* **DATASET EXCERPTS**
%%
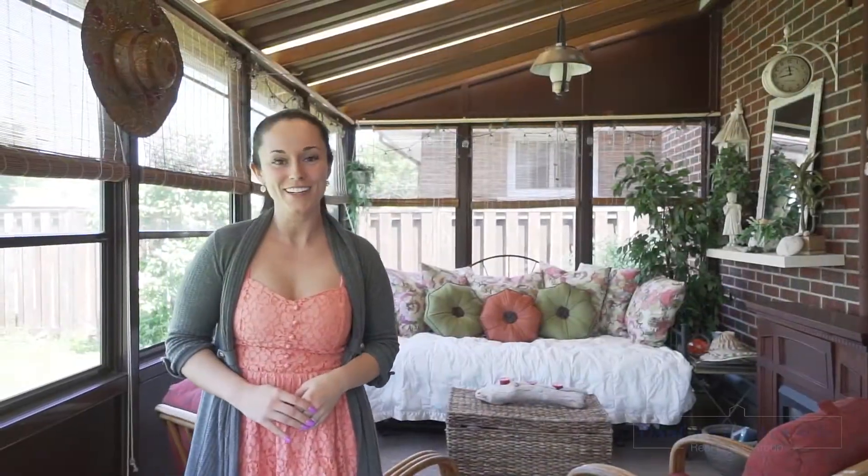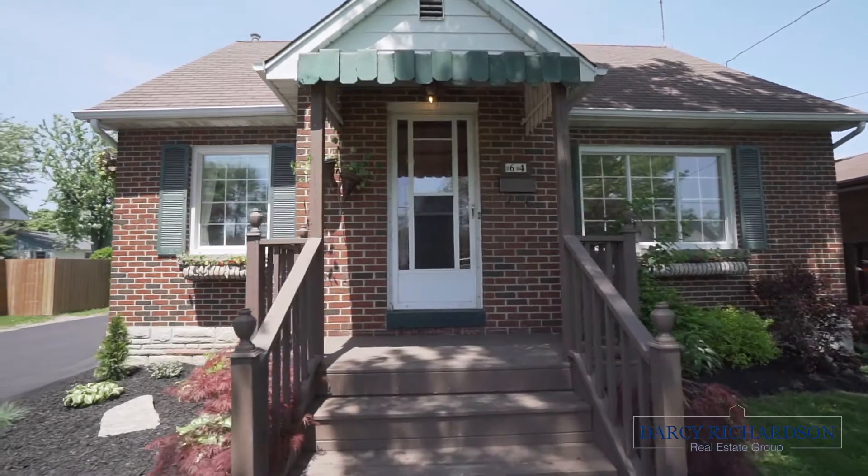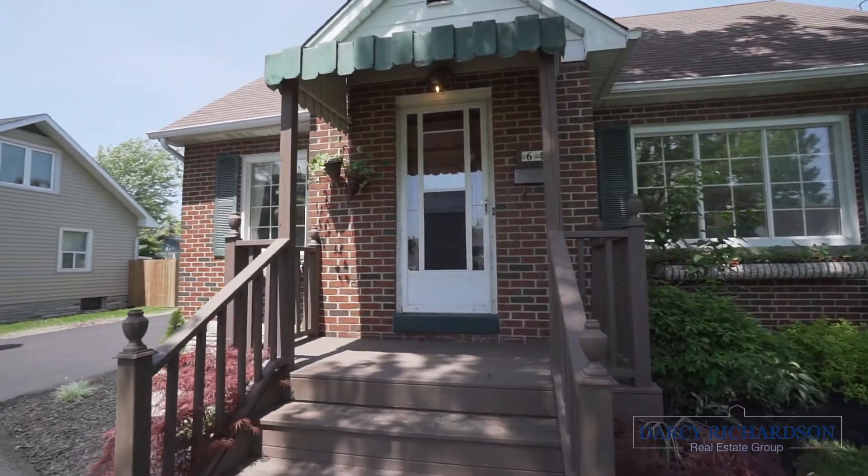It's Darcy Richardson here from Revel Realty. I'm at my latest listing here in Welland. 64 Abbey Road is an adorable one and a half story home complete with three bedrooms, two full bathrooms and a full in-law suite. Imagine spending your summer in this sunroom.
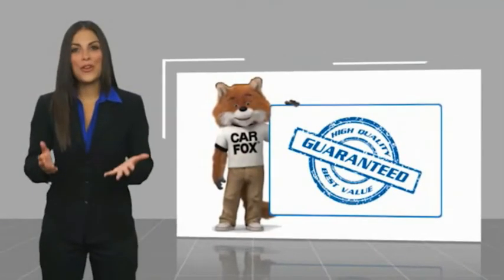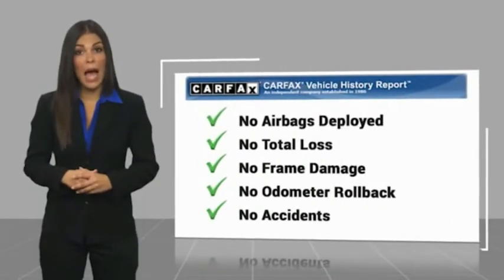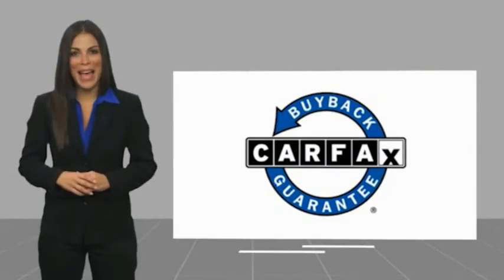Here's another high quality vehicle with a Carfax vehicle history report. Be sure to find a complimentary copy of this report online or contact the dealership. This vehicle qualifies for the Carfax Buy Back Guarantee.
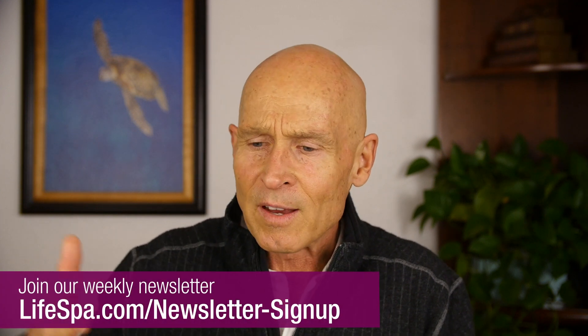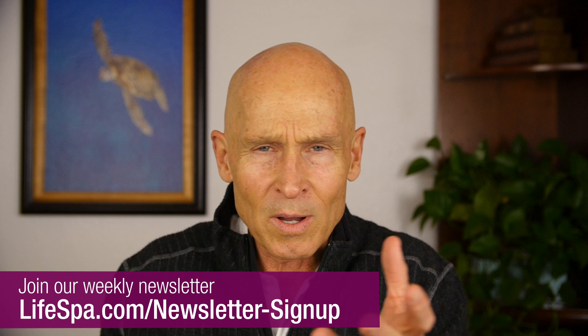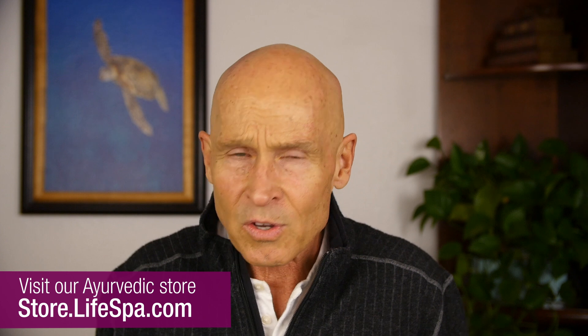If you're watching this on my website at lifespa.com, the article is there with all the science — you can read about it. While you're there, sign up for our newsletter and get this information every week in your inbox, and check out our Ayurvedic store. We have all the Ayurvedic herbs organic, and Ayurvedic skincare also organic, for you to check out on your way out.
%%
%%
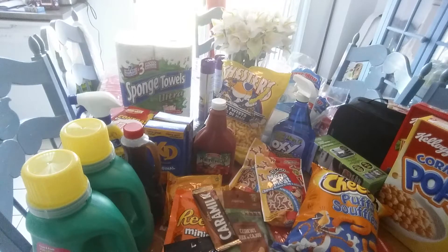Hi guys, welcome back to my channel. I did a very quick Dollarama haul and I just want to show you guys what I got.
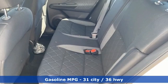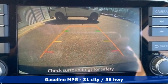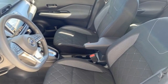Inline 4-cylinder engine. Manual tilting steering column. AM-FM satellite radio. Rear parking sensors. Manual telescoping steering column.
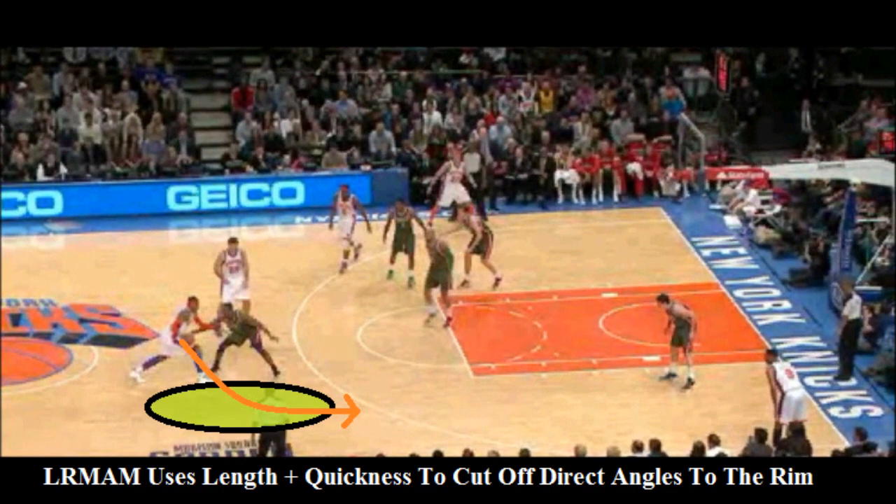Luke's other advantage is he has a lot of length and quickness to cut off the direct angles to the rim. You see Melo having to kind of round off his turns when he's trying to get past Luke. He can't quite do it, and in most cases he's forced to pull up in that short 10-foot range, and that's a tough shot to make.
%%
* **EXERCISE OBJECTIVE**
Up in the listing, locate the line with "Hi guys, welcome"; print it and every line after it down to the line with "Luke's other advantage", which is included too. Skip the pictures.

* **OUTPUT FOR THIS TASK**
Hi guys, welcome back to my channel. I did a very quick Dollarama haul and I just want to show you guys what I got.
Inline 4-cylinder engine. Manual tilting steering column. AM-FM satellite radio. Rear parking sensors. Manual telescoping steering column.
Luke's other advantage is he has a lot of length and quickness to cut off the direct angles to the rim. You see Melo having to kind of round off his turns when he's trying to get past Luke. He can't quite do it, and in most cases he's forced to pull up in that short 10-foot range, and that's a tough shot to make.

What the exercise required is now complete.